YOUR TASK =
Only the text of the entries below should be returned, exactly as given, without pictures.

DATA FOR REVIEW =
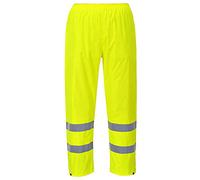 Portwest H441 Hi-Vis Rain Trousers Mens Waterproof Overtrousers Lightweight Reflective Workwear Elasticated Waist Rain Pants Adjustible Hem 40+ UPF, Yellow, 5XL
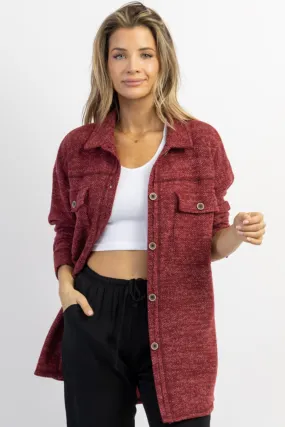 WOODSTOCK BURGUNDY RELAXED SHIRT JACKET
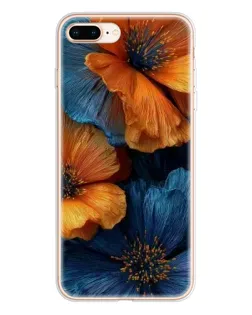 Чохол для iPhone 8 Plus з картинкою «Яскрава синьо-помаранчева флора»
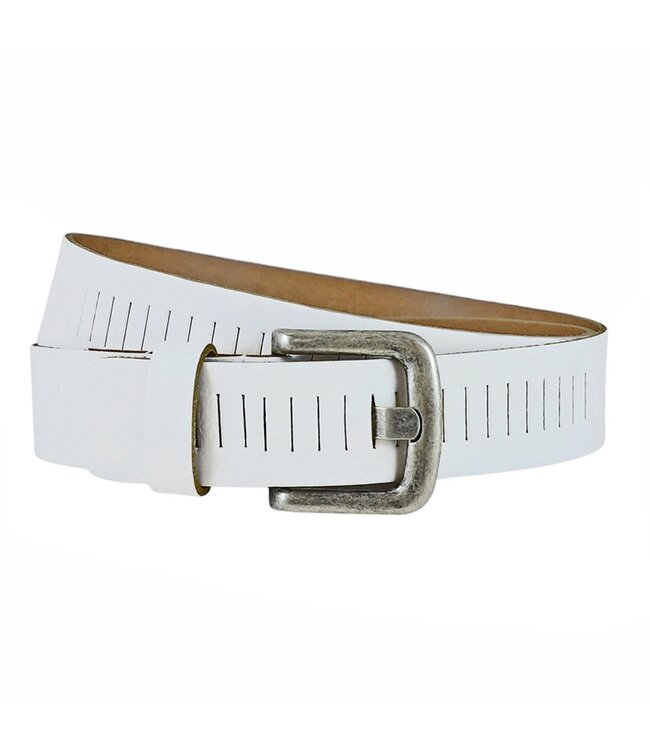 Houtkamp Leren Geperforeerde Werkriem - Ergonomische Werkbroek Riem - Workwear - Bedrijfskleding Riem - Leer - Wit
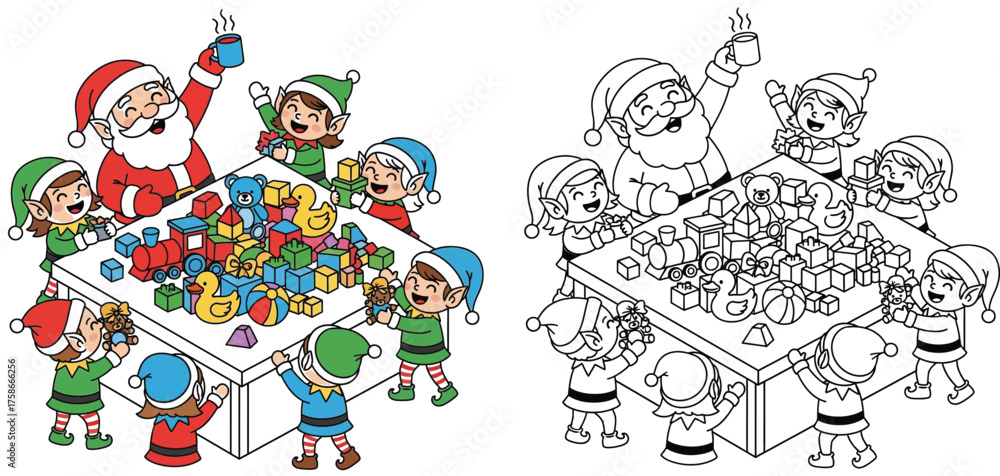Fototapeta premium Happy Santa and Elves Building Toys: A Festive Christmas Workshop Scene
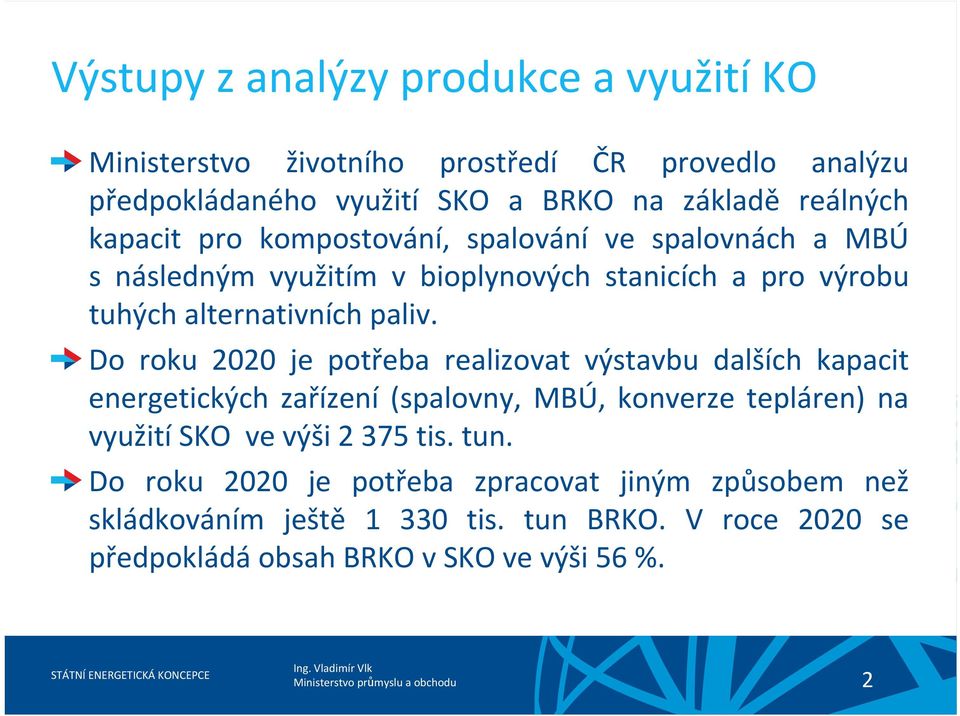 Do roku 2020 je potřeba realizovat výstavbu dalších kapacit energetických zařízení (spalovny, MBÚ, konverze tepláren) na využití SKO ve výši 2 375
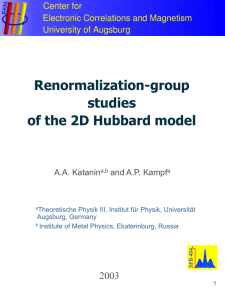 The 2D Hubbard model - Institut für Physik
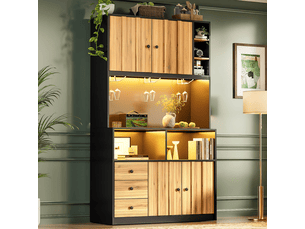 Vitrine coloris noir <strong></strong> <strong>Noir / Naturel</strong> - x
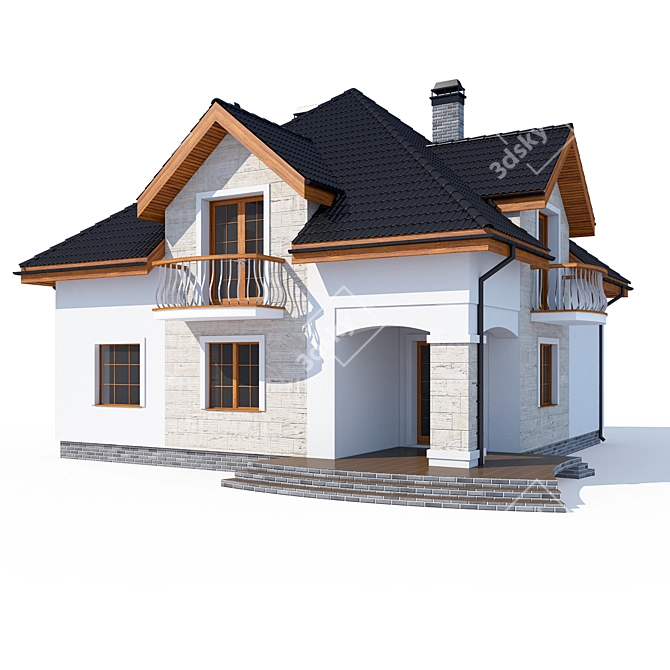 Modern Private House Design 3D model image 2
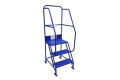 3 tread industrial steel ladder with dual handrails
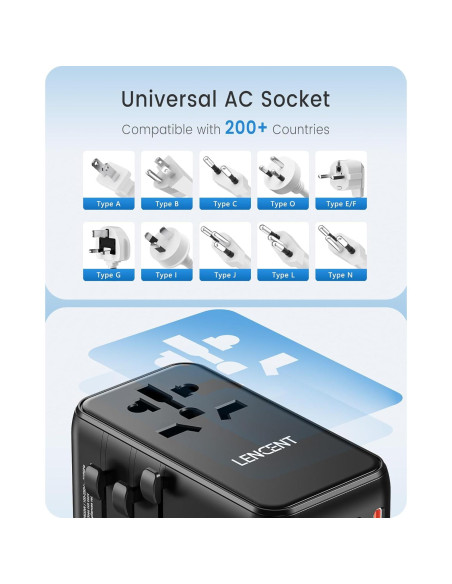 Adaptador de Viaje Universal LENCENT 100W Carga Rápida USB-C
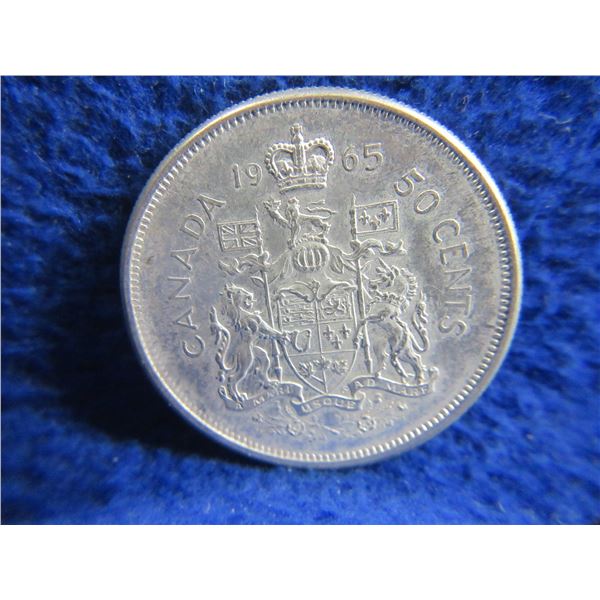 1965 Canadian 50 Cent Coin - .800 Silver
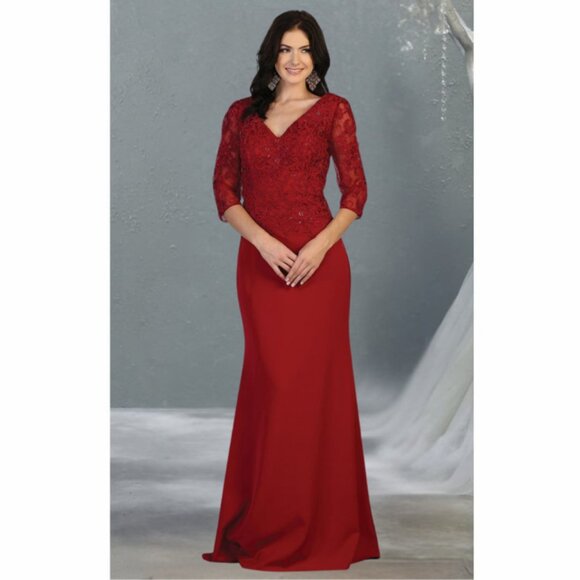 Burgundy Mother Of The Bride Long 3/4 Sleeves Trumpet Dress By May Queen  MQ1783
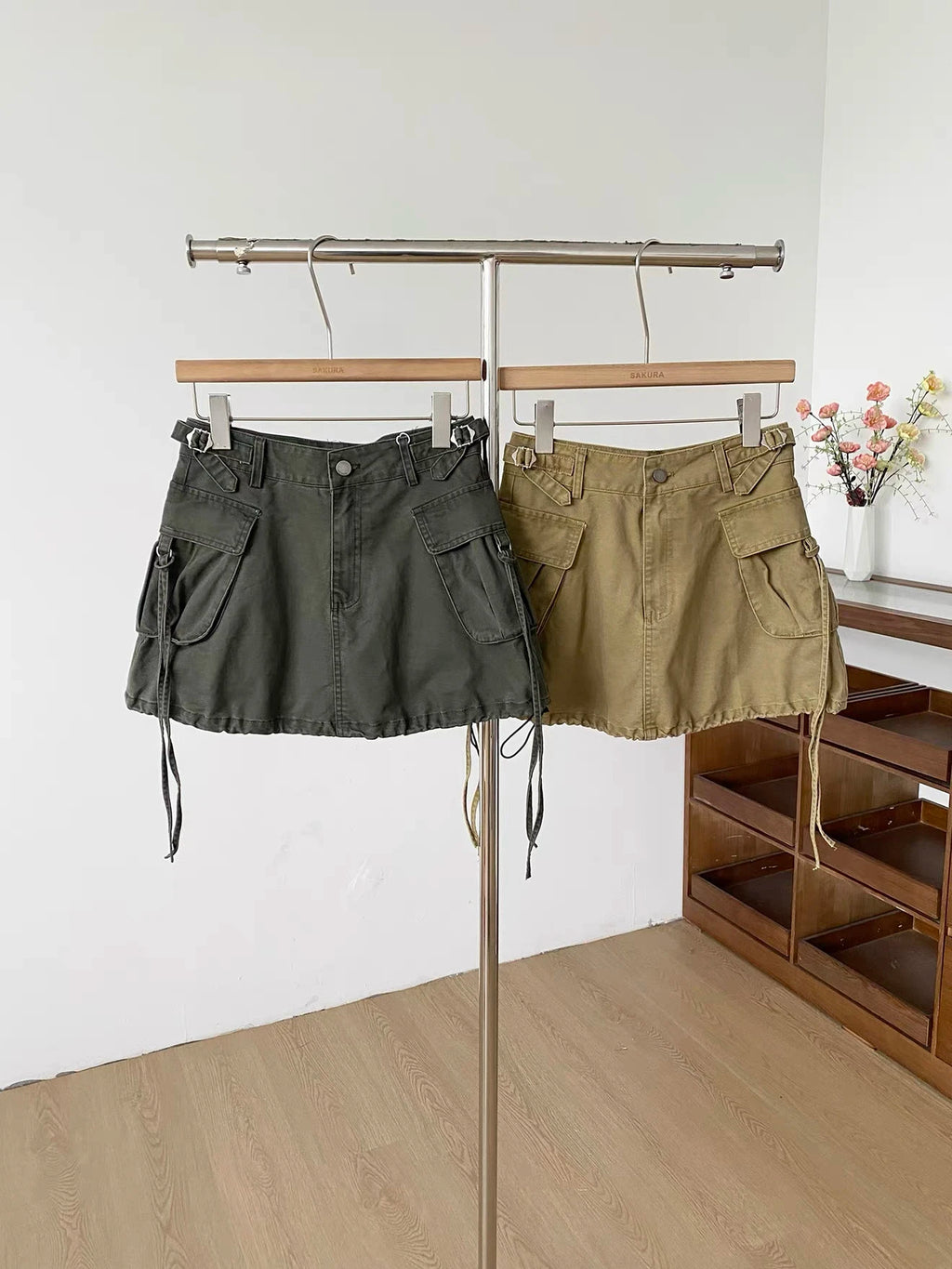 Women's Autumn Winter Pockets Drawstring Denim Skirt Lady Solid Color High Waist A Line Short Skirt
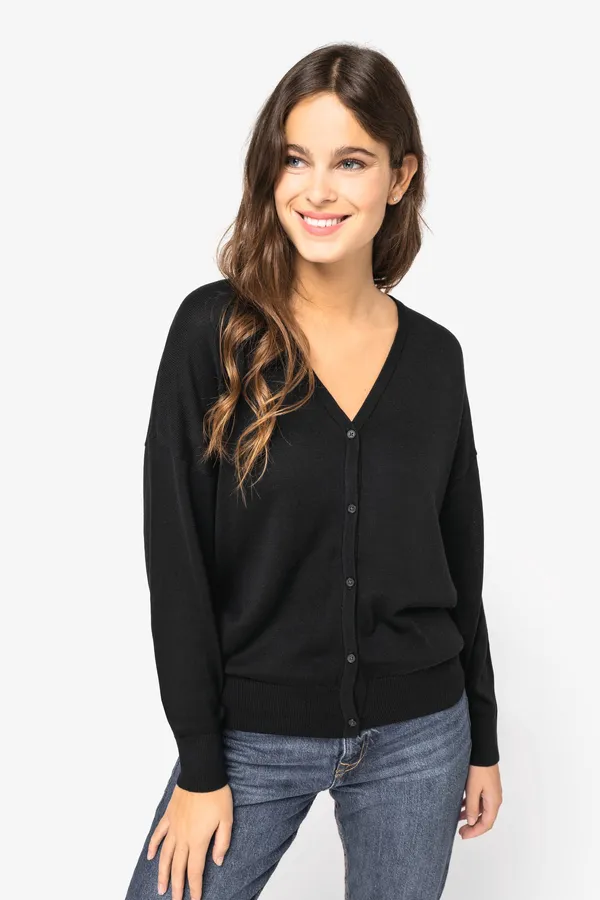 Eco-friendly Ladies' Lyocell V Neck Jumper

ANSWER TO THIS EXERCISE =
 Portwest H441 Hi-Vis Rain Trousers Mens Waterproof Overtrousers Lightweight Reflective Workwear Elasticated Waist Rain Pants Adjustible Hem 40+ UPF, Yellow, 5XL
 WOODSTOCK BURGUNDY RELAXED SHIRT JACKET
 Чохол для iPhone 8 Plus з картинкою «Яскрава синьо-помаранчева флора»
 Houtkamp Leren Geperforeerde Werkriem - Ergonomische Werkbroek Riem - Workwear - Bedrijfskleding Riem - Leer - Wit
Fototapeta premium Happy Santa and Elves Building Toys: A Festive Christmas Workshop Scene
 Do roku 2020 je potřeba realizovat výstavbu dalších kapacit energetických zařízení (spalovny, MBÚ, konverze tepláren) na využití SKO ve výši 2 375
 The 2D Hubbard model - Institut für Physik
 Vitrine coloris noir <strong></strong> <strong>Noir / Naturel</strong> - x
 Modern Private House Design 3D model image 2
 3 tread industrial steel ladder with dual handrails
 Adaptador de Viaje Universal LENCENT 100W Carga Rápida USB-C
 1965 Canadian 50 Cent Coin - .800 Silver
 Burgundy Mother Of The Bride Long 3/4 Sleeves Trumpet Dress By May Queen  MQ1783
 Women's Autumn Winter Pockets Drawstring Denim Skirt Lady Solid Color High Waist A Line Short Skirt
 Eco-friendly Ladies' Lyocell V Neck Jumper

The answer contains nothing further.